COLLECTED MATERIAL ▸

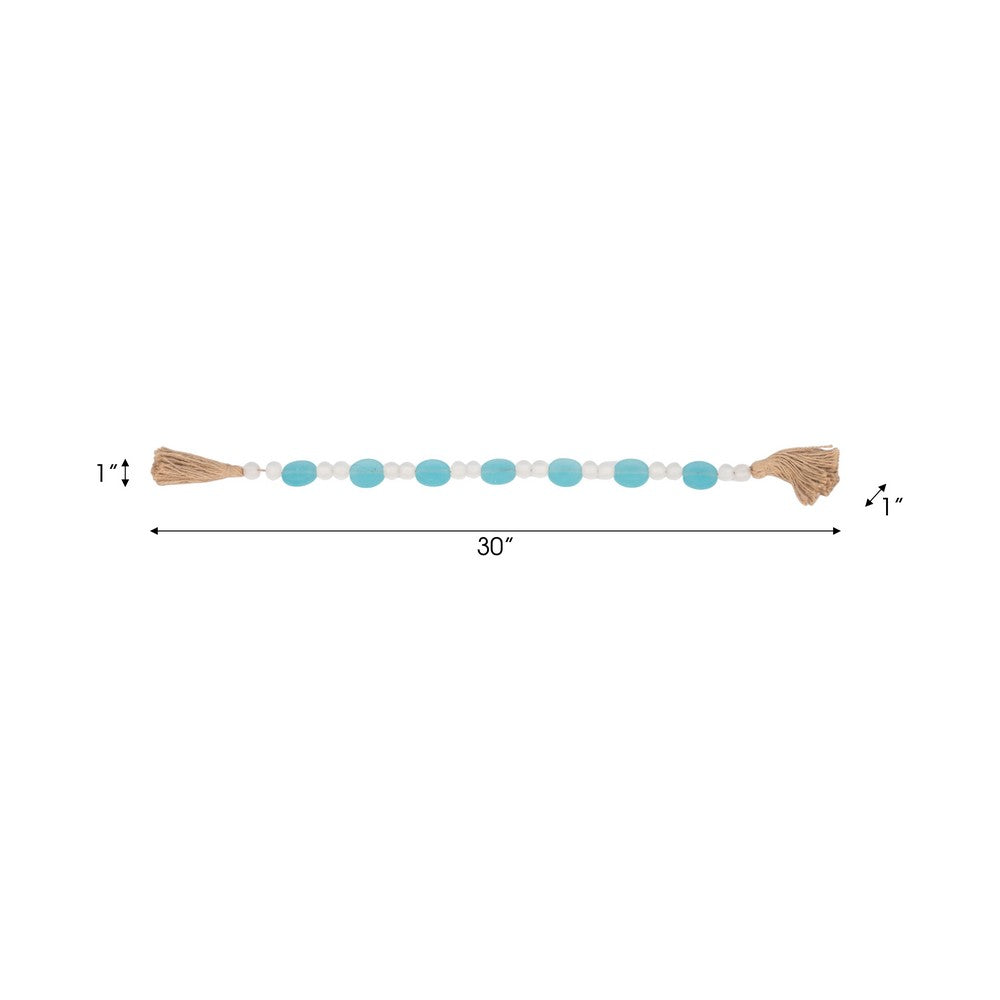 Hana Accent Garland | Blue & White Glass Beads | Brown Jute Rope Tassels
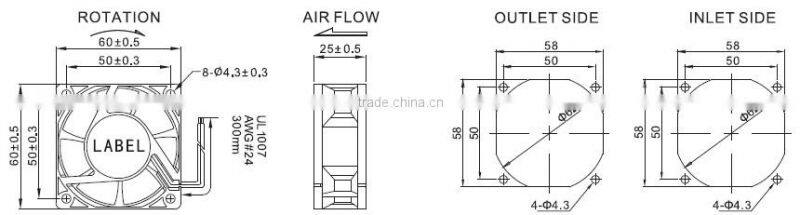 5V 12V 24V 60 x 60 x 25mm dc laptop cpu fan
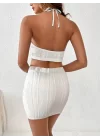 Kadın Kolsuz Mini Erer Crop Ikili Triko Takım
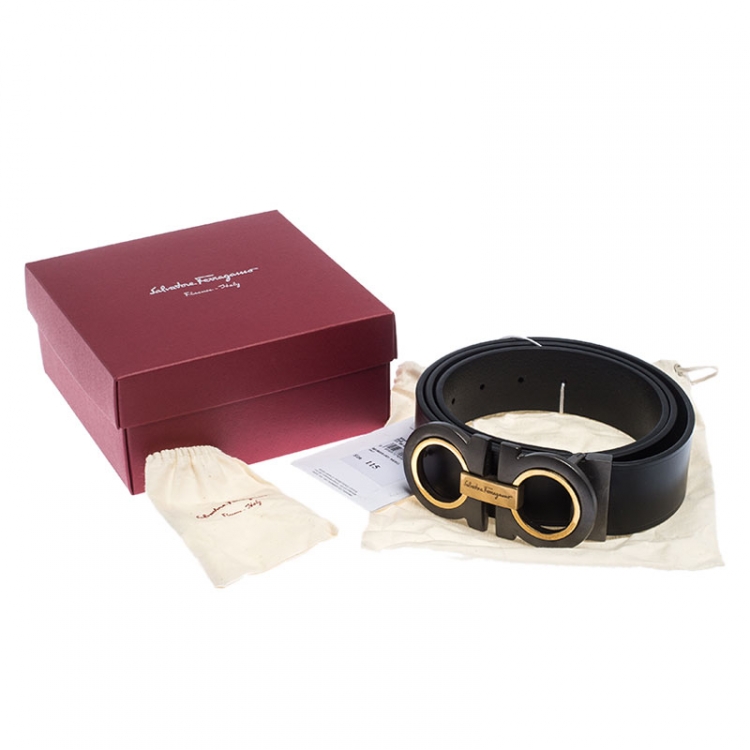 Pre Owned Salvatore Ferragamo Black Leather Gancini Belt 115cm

WORK TO COMPLETE ▸ Quote everything in the listing above exactly; pictures are the only thing to omit.

TASK ANSWER ▸
 Hana Accent Garland | Blue & White Glass Beads | Brown Jute Rope Tassels
 5V 12V 24V 60 x 60 x 25mm dc laptop cpu fan
 Kadın Kolsuz Mini Erer Crop Ikili Triko Takım
 Pre Owned Salvatore Ferragamo Black Leather Gancini Belt 115cm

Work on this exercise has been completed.